◆ About this exercise ◆
The reply must consist of the complete listing, reproduced exactly, with no images included.
※ ※ ※
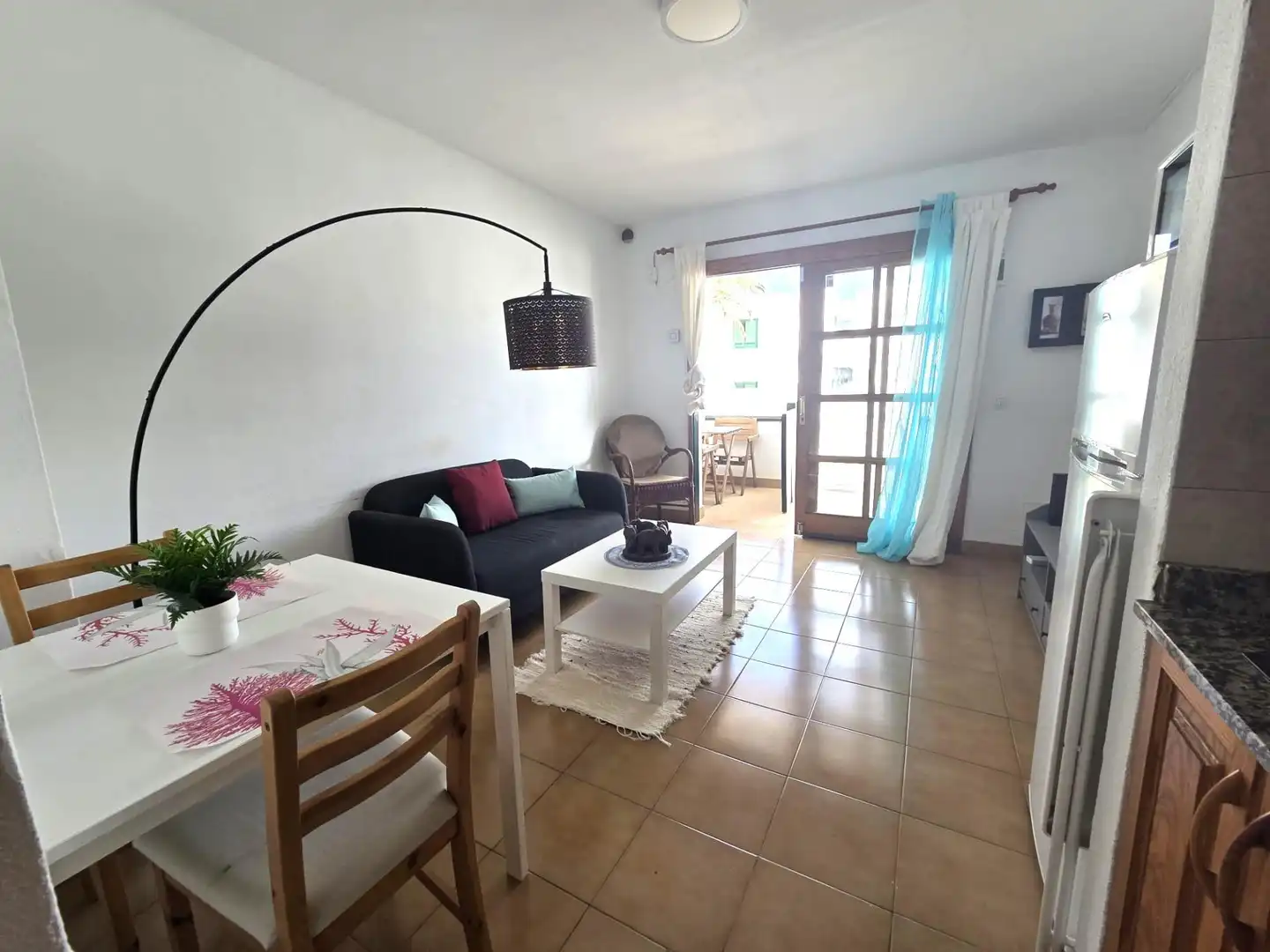 Sala d'estar de Apartament en venda en Tías amb Terrassa i Piscina comunitària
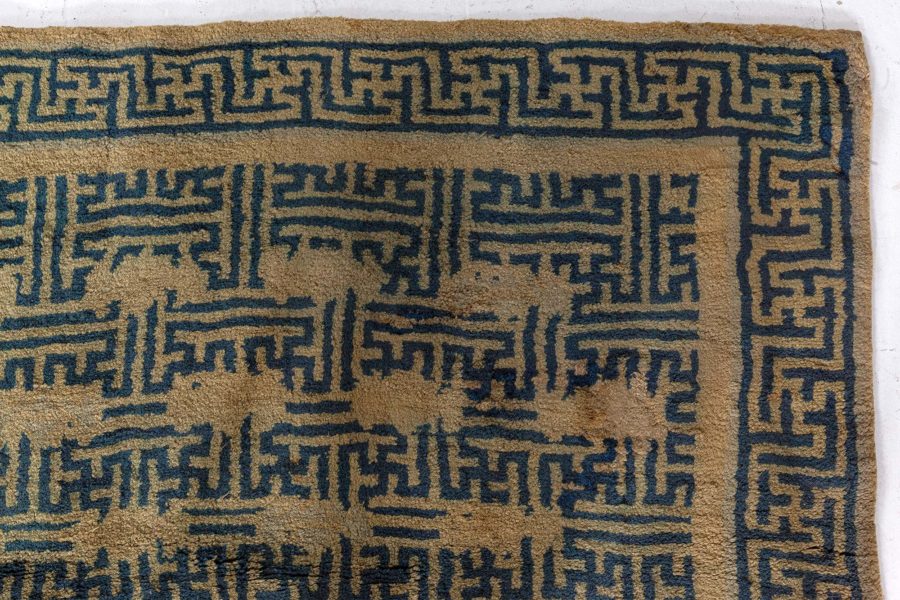 One-of-a-Kind Vintage Chinese Carpet BB8469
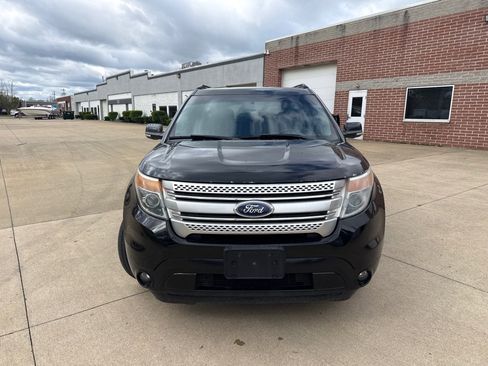 Used 2013 Ford Explorer XLT AWD/4WD image 2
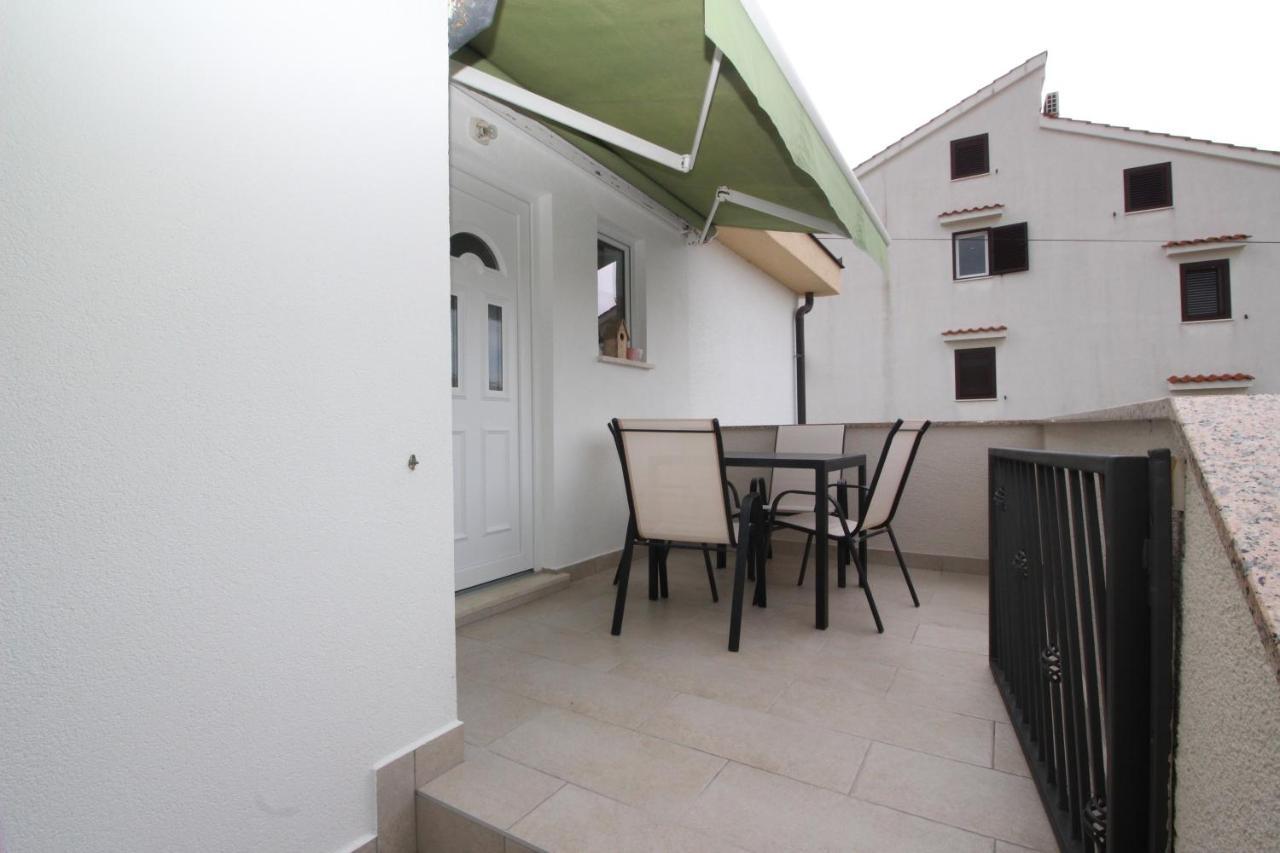 Apartments Vesna Пунат Экстерьер фото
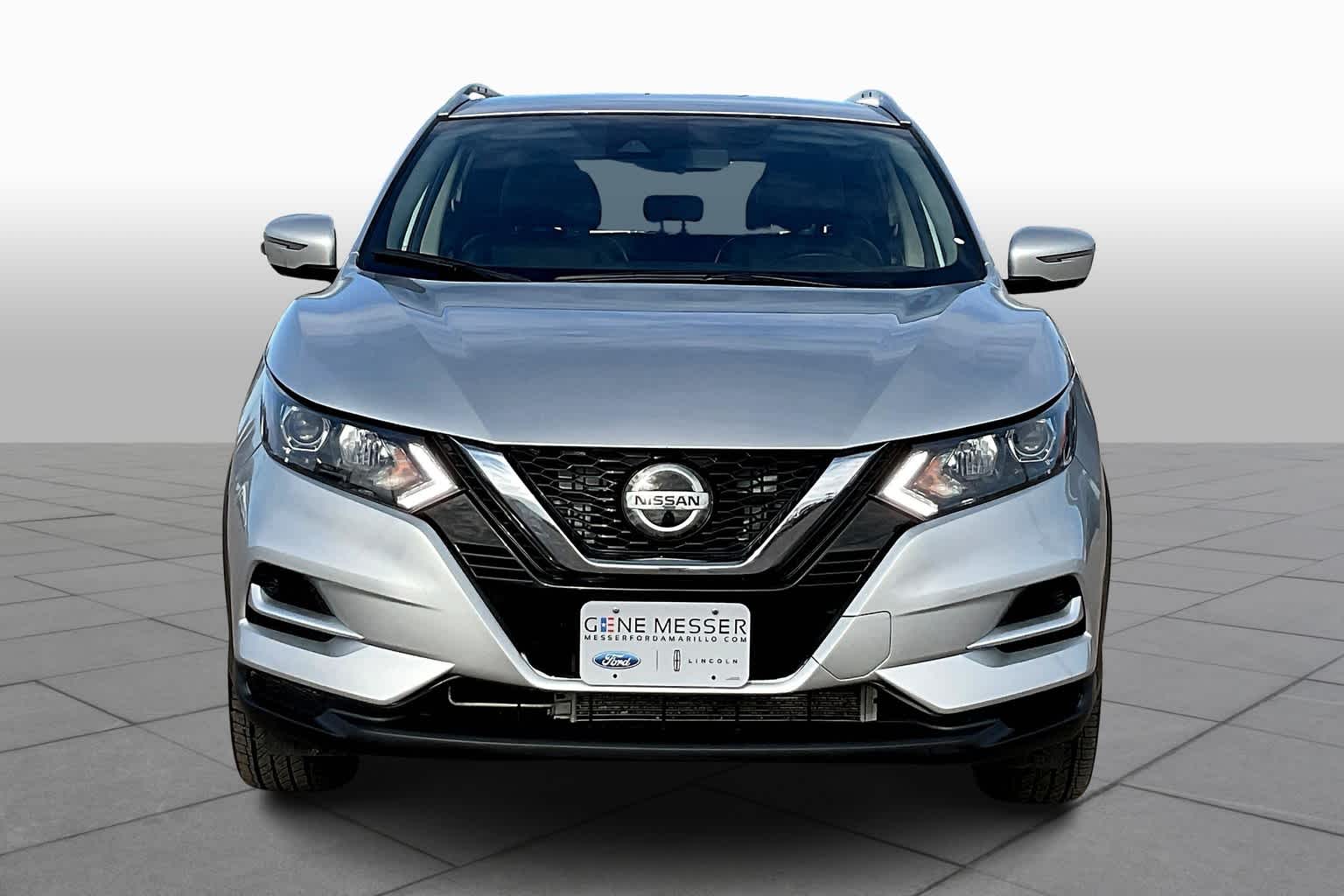 2022 Nissan Rogue Sport SL photo 2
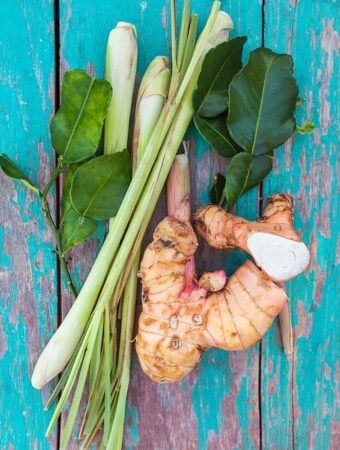 Fresh Galangal, Lemongrass, Makrut Lime Leaves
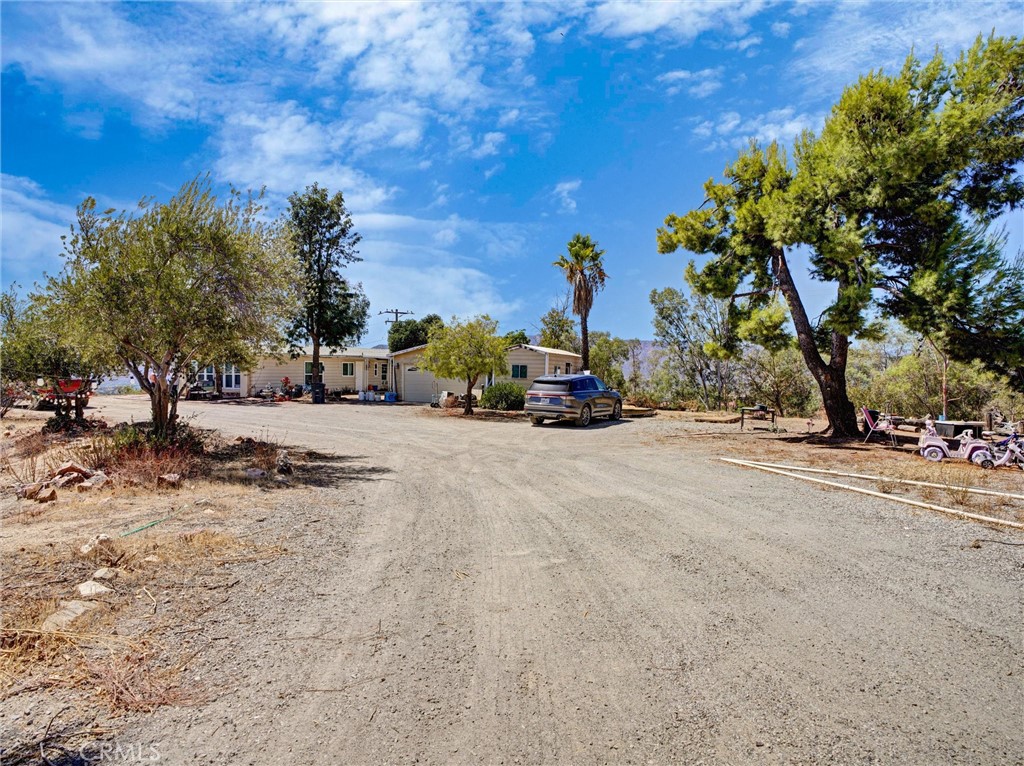main property photo 25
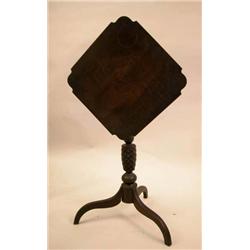 A GOOD CLASSICAL CARVED AND FIGURED MAPLE TILT-TOP CANDLESTAND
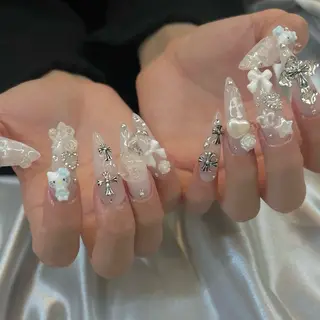 ミディアム Pio Mielのネイルデザイン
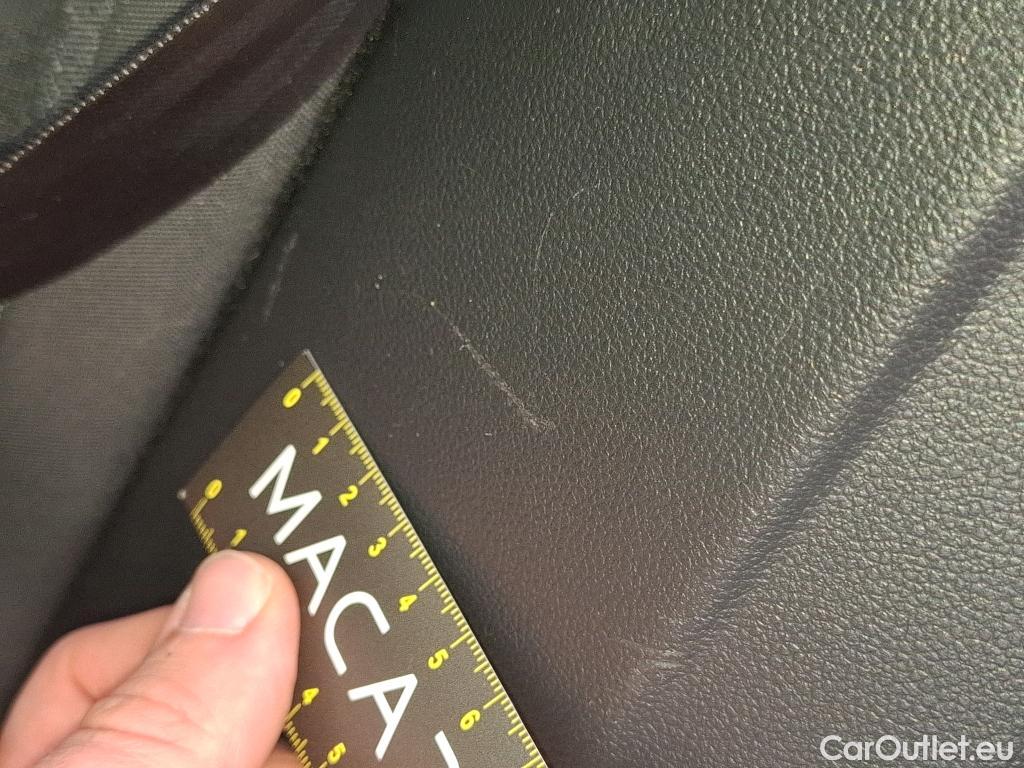  Volkswagen  Golf  VOLKSWAGEN / 2020 / 5P / Berline 2.0 TDI SCR 115 BVM6 Life Busi 1st #10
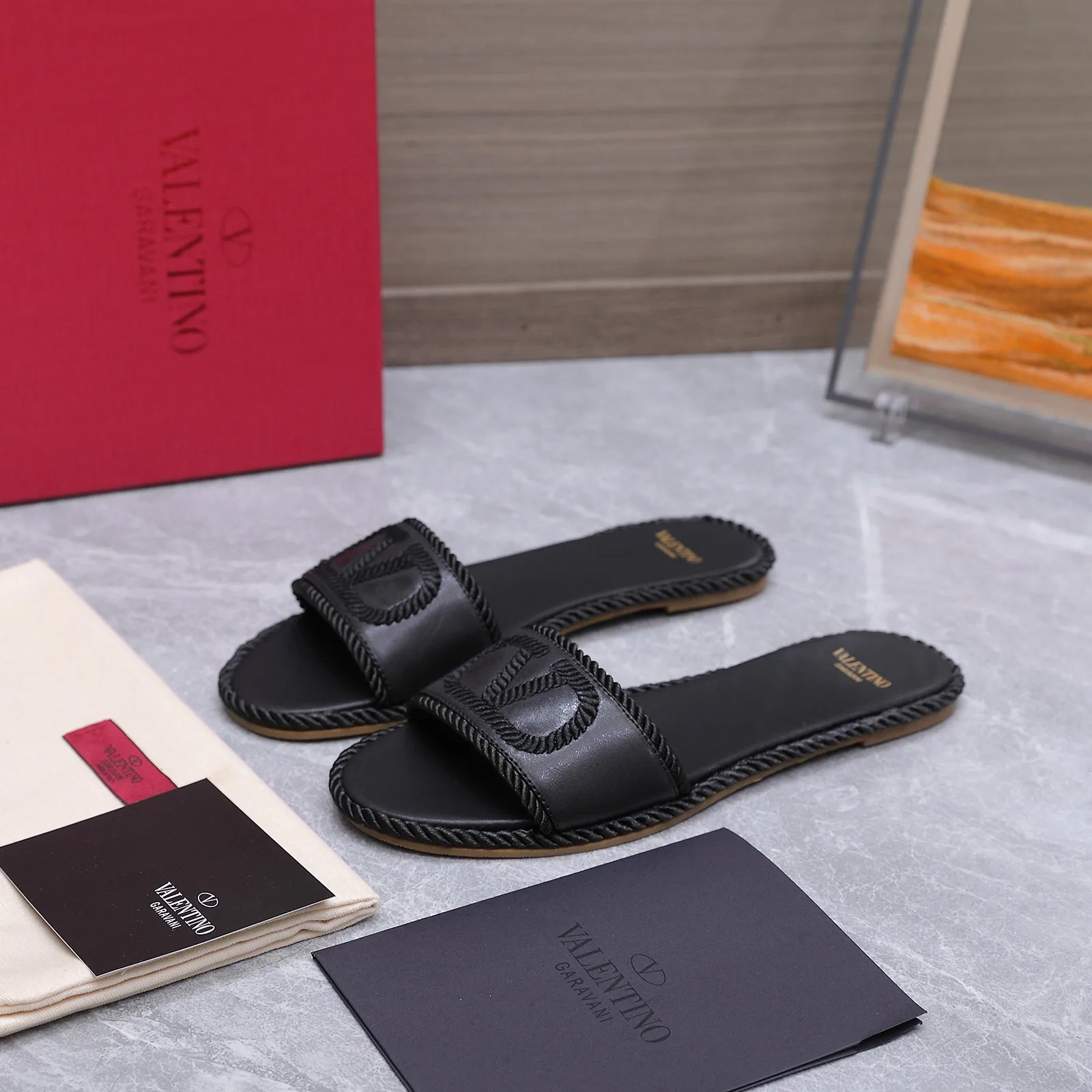 Шлепанцы Женские Valentino 17224381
※ ※ ※
◆ Solution to this task ◆
 Sala d'estar de Apartament en venda en Tías amb Terrassa i Piscina comunitària
 One-of-a-Kind Vintage Chinese Carpet BB8469
 Used 2013 Ford Explorer XLT AWD/4WD image 2
 Apartments Vesna Пунат Экстерьер фото
 2022 Nissan Rogue Sport SL photo 2
 Fresh Galangal, Lemongrass, Makrut Lime Leaves
main property photo 25
 A GOOD CLASSICAL CARVED AND FIGURED MAPLE TILT-TOP CANDLESTAND
 ミディアム Pio Mielのネイルデザイン
  Volkswagen  Golf  VOLKSWAGEN / 2020 / 5P / Berline 2.0 TDI SCR 115 BVM6 Life Busi 1st #10
 Шлепанцы Женские Valentino 17224381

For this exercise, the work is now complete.